Hierarchical Ephemeral Keys for Exploding Messages

Keybase now has support for "exploding" messages, which are automatically deleted after some expiration time. As part of that feature, we guarantee forward secrecy for those messages. That means that in addition to deleting the messages themselves, clients will also delete the keys that were used to encrypt them. The goal is that even if an attacker steals one of your encrypted exploding messages from our server, and then later steals one of your devices and all the keys on it, there should still be no way for the attacker to decrypt the message.

High Level Design

Each Keybase device creates a daily ephemeral encryption keypair, signs over it with the device's long term signing key, and publishes the public half of it and that signature to the Keybase server. Each key is fully random, not derived from any previous keys or any long term keys. The maximum lifetime of any ciphertext using these keys is one week. If a device doesn't come online to publish a new key, senders can continue using its most recent key, and later the device will postpone deleting that key to compensate. After not publishing a new key for long enough, the device is considered stale, and it can no longer receive ephemeral messages of any kind. That staleness window is currently three months to allow for devices that are rarely online.
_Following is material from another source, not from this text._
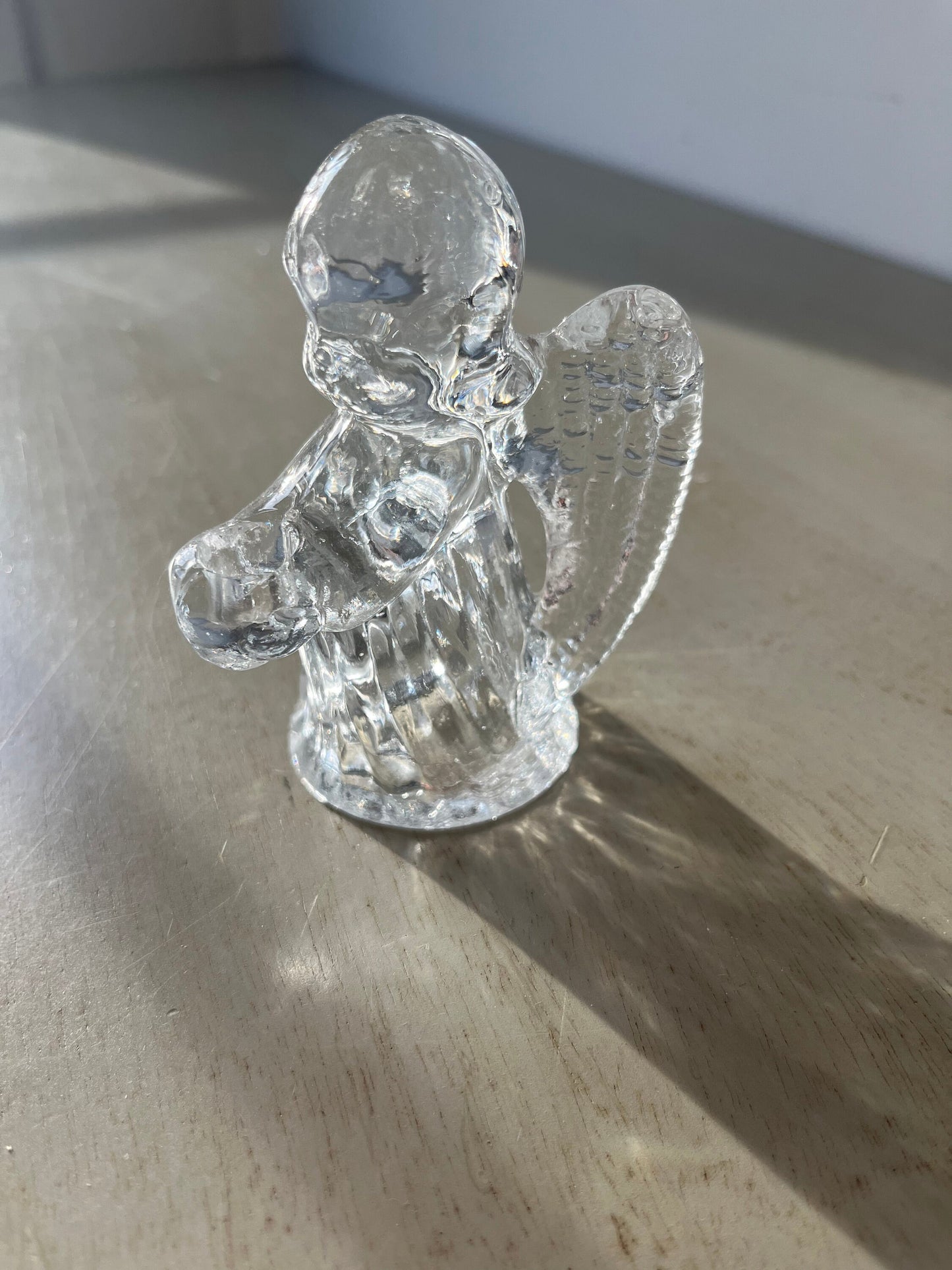 Mini glass angel figurine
Putting limit on the staleness means that one mothballed device won't compromise the forward secrecy of an entire group forever.

Instead of using device ephemeral keys (EKs) directly at the application level to encrypt chat messages, we build a hierarchy of user and team keys on top of them. Each user publishes a daily user EK, and the private half gets encrypted for each valid device EK. Likewise teams publish team EKs and encrypt them for each user EK belonging to a team member. This mirrors our hierarchy of long-term per-user and per-team keys. All of these higher level EKs have the same one week lifetime that device EKs do. An issuing device skips over stale devices and stale users when encrypting copies of these secret keys for transport.

At the chat application level, we always encrypt with the most recent team EK available. That means that regardless of the lifetime chosen for a message, which could be just minutes, the lifetime of the encryption key is about a week. Clients and the server make a best effort to delete messages immediately after their lifetime is up, but a saved copy of the message could still be decrypted with a stolen device, until the key is finally deleted about a week later.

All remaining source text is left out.